Inherited mutations in the UROD gene cause about 20 % of cases (the other 80 % of cases do not have mutations in UROD, and are classified as sporadic). UROD makes an enzyme called uroporphyrinogen III decarboxylase, which is critical to the chemical process that leads to heme production. The activity of this enzyme is usually reduced by 50 % in all tissues in people with the inherited form of the condition.

Nongenetic factors such as alcohol abuse, excess iron, and others listed above can increase the demand for heme and the enzymes required to make heme. The combination of this increased demand and reduced activity of uroporphyrinogen decarboxylase disrupts heme production and allows byproducts of the process to accumulate in the body, triggering the signs and symptoms of porphyria cutanea tarda.

The HFE gene makes a protein that helps cells regulate the absorption of iron from the digestive tract and into the cells of the body. Certain mutations in theHFE gene cause hemochromatosis (an iron overload disorder). People who have these mutations are also at an increased risk of developing porphyria cutanea tarda.

In the 20% of cases where porphyria cutanea tarda is inherited, it is inherited in an autosomal dominant pattern, which means one copy of the altered gene is sufficient to decrease enzyme activity and cause the signs and symptoms of the disorder.

Pathogenesis

As stated previously, porphyria cutanea tarda is primarily caused by uroporphyrinogen decarboxylase deficiency (UROD). Uroporphyrinogen decarboxylase occurs in nature as a homodimer of two subunits. It participates in the fifth step in heme synthesis pathway, and is active in the cytosol. This enzymatic conversion results in coproporphyrinogen III as the primary product. This is accomplished by the clockwise removal of the four carboxyl groups present in the cyclic uroporphyrinogen III molecule. Therefore, a deficiency in this enzyme causes the aforementioned buildup of uroporphyrinogen in the urine, which can be helpful in the diagnosis of this disorder.

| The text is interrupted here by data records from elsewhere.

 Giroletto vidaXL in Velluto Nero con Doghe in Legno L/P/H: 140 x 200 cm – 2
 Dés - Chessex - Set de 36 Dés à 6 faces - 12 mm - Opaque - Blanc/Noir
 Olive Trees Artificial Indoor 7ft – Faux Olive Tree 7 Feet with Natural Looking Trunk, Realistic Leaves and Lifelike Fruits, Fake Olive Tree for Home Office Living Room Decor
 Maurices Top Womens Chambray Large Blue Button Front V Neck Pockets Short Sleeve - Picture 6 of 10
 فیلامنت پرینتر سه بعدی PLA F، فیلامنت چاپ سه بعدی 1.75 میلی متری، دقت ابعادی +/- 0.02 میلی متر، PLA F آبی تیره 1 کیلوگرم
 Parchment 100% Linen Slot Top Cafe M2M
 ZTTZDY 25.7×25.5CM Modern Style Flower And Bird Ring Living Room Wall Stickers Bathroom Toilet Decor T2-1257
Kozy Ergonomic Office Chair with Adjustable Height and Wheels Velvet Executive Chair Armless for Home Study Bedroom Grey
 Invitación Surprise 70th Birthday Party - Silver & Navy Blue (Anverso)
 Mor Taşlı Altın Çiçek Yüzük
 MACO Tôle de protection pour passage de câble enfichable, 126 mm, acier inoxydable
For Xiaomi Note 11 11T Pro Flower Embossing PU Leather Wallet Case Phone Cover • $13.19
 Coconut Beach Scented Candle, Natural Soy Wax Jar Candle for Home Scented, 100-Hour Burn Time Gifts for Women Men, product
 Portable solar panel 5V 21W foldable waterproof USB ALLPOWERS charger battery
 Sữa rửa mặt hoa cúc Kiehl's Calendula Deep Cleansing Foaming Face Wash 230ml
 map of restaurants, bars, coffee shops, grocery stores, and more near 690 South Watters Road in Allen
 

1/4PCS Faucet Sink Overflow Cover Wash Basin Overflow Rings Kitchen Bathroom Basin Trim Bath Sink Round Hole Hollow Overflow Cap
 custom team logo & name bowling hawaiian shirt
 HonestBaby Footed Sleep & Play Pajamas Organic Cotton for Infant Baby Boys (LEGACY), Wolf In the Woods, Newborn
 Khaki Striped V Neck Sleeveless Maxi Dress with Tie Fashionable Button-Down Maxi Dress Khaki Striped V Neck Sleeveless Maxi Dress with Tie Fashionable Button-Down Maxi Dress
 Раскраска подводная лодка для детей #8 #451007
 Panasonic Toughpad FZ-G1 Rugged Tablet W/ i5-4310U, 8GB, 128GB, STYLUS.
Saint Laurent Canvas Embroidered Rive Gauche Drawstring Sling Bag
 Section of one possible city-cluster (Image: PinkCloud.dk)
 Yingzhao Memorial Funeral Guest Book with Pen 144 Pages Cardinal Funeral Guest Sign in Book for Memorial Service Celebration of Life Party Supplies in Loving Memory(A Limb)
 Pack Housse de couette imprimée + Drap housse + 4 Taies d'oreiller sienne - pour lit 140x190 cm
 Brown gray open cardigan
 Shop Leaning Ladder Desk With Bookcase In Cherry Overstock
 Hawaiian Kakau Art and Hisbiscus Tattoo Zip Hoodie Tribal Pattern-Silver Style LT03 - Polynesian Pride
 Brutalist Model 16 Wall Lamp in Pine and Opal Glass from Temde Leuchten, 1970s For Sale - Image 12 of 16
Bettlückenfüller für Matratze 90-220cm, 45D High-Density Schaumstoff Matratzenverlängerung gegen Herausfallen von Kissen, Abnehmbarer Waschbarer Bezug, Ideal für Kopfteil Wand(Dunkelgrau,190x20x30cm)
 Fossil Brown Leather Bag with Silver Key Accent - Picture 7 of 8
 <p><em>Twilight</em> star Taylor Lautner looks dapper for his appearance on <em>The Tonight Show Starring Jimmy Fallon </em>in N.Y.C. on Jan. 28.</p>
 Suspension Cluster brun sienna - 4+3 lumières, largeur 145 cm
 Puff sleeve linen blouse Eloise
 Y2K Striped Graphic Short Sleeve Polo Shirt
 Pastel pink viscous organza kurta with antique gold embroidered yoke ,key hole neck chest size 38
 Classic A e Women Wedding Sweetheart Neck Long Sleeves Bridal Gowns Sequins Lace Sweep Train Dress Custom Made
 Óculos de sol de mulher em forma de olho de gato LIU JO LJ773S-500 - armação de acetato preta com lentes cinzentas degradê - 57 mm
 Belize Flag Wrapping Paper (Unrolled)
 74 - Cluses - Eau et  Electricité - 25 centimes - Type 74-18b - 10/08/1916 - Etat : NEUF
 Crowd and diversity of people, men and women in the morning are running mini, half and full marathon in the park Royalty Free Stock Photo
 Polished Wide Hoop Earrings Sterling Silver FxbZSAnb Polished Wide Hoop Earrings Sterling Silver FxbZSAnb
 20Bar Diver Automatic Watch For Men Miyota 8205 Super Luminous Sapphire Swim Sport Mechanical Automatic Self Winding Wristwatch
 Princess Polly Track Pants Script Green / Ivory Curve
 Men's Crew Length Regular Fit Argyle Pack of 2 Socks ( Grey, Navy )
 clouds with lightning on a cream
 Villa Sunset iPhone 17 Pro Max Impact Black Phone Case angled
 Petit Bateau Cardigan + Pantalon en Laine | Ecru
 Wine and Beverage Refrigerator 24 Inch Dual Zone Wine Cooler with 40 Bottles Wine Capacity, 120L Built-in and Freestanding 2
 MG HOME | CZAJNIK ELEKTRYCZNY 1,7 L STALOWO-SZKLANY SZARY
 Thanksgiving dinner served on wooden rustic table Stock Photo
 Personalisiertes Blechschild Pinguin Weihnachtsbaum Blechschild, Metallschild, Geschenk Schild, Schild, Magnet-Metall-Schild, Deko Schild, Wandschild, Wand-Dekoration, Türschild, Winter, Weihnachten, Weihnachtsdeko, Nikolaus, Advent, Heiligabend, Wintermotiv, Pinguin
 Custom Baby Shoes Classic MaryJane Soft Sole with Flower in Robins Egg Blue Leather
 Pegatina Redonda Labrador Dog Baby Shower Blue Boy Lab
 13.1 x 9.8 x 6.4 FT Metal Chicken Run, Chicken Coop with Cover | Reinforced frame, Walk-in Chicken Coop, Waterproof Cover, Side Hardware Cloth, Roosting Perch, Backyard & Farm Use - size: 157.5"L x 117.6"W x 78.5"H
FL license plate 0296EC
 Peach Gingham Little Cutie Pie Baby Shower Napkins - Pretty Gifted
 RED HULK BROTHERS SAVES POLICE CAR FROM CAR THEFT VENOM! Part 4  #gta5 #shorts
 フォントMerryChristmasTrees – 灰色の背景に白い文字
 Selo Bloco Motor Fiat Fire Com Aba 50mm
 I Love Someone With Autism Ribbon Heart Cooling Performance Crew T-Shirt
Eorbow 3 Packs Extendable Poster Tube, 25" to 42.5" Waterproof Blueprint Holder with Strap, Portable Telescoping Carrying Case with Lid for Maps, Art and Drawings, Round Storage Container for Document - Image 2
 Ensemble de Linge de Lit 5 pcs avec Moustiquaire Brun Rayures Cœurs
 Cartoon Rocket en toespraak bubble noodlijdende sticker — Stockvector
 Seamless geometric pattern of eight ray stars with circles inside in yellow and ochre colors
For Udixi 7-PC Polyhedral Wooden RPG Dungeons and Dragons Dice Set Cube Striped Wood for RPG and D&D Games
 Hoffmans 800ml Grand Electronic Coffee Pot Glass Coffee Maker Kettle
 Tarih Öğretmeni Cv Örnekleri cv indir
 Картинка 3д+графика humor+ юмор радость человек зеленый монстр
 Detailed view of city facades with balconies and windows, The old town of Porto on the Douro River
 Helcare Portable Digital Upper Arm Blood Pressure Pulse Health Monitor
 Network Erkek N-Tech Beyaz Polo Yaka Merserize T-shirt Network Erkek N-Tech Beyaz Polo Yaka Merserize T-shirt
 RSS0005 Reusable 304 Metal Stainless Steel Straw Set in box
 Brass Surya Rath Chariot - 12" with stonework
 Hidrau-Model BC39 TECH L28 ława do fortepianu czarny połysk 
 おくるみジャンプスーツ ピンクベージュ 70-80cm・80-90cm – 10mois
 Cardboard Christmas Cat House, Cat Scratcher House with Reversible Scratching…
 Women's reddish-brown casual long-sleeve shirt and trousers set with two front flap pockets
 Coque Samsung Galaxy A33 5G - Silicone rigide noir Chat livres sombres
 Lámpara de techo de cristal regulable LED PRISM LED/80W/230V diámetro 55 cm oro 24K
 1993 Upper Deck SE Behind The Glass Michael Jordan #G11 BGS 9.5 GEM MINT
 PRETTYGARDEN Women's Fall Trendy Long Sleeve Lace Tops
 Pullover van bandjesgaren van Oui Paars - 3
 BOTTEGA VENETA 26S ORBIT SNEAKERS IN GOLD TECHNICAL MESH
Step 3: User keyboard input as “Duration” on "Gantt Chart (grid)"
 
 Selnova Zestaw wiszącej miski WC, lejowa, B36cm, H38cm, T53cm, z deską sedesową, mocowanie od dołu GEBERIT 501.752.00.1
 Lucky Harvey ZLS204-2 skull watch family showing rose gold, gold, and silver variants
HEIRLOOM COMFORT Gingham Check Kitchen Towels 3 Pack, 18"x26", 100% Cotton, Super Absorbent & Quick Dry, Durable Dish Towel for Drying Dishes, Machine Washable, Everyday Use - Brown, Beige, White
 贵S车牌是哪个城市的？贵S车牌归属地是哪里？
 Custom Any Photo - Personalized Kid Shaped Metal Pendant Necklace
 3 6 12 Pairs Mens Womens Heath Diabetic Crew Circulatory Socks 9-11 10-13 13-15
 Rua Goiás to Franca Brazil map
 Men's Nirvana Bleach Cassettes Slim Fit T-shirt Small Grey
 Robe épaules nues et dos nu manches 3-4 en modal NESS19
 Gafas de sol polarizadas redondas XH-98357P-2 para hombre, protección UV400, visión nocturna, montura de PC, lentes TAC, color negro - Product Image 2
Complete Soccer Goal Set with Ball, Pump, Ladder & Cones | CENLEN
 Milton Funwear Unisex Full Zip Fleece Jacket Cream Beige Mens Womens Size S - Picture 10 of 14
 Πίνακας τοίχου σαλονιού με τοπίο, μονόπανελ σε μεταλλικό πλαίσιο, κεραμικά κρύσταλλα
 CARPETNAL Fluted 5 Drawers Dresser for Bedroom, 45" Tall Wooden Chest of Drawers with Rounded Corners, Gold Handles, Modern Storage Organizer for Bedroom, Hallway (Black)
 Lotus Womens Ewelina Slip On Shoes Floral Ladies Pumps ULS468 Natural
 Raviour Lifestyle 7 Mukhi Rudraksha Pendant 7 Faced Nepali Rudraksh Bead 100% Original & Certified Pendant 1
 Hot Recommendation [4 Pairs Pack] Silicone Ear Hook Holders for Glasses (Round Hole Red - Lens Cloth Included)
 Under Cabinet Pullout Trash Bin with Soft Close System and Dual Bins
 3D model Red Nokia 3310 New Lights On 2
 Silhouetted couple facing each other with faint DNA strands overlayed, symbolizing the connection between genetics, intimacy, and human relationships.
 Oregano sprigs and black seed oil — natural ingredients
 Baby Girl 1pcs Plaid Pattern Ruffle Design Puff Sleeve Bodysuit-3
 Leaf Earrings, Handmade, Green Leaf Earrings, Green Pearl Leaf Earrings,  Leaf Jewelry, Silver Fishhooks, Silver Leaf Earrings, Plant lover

The dermatological symptoms of PCT that include blistering and lesions on sun-exposed areas of the skin are caused by a buildup of porphyrin compounds (specifically uroporphyrinogen) close to the surface of the skin. Due to the highly conjugated structure of porphyrins involving alternating single and double carbon bonds, these compounds exhibit a deep purple color, resulting in the discoloration observed in the skin. The excess uroporphyrinogen that lead to these lesions is primarily produced in the liver, but exposure to excess sunlight is thought to lead to the production of reactive oxygen species, disrupting the activity of uroporphyrinogen decarboxylase and contributing to the buildup of uroporphyrinogen. This is thought to be the underlying biochemical pathway behind the photosensitivity observed in patients with PCT. The strong association of PCT with Hepatitis C infection is not entirely understood. Studies have suggested that the cytopathic effect of the virus on hepatocytes can lead to the release of free iron. This iron can disrupt the activity of cytochrome p450, releasing activated oxygen species. These can oxidize the UROD substrate uroporphyrinogen, which can result in the inhibition of UROD and lead to deficient activity of this key enzyme.

Excess alcohol abuse is frequently associated with both inducing PCT^[9] and aggravating a preexisting diagnosis of the disorder. It is thought to do so by causing oxidative damage to liver cells, resulting in oxidized species of uroporphyrinogen that inhibit the activity of hepatic UROD. It is also felt to increase the uptake of iron in liver cells, leading to further oxidation of uroporphyrinogen by the release of activated oxygen species. Additionally, exposure to chlorinated cyclic hydrocarbons can lead to a deficiency in the activity of uroporphyrinogen decarboxylase, causing the buildup of excess uroporphyrinogen.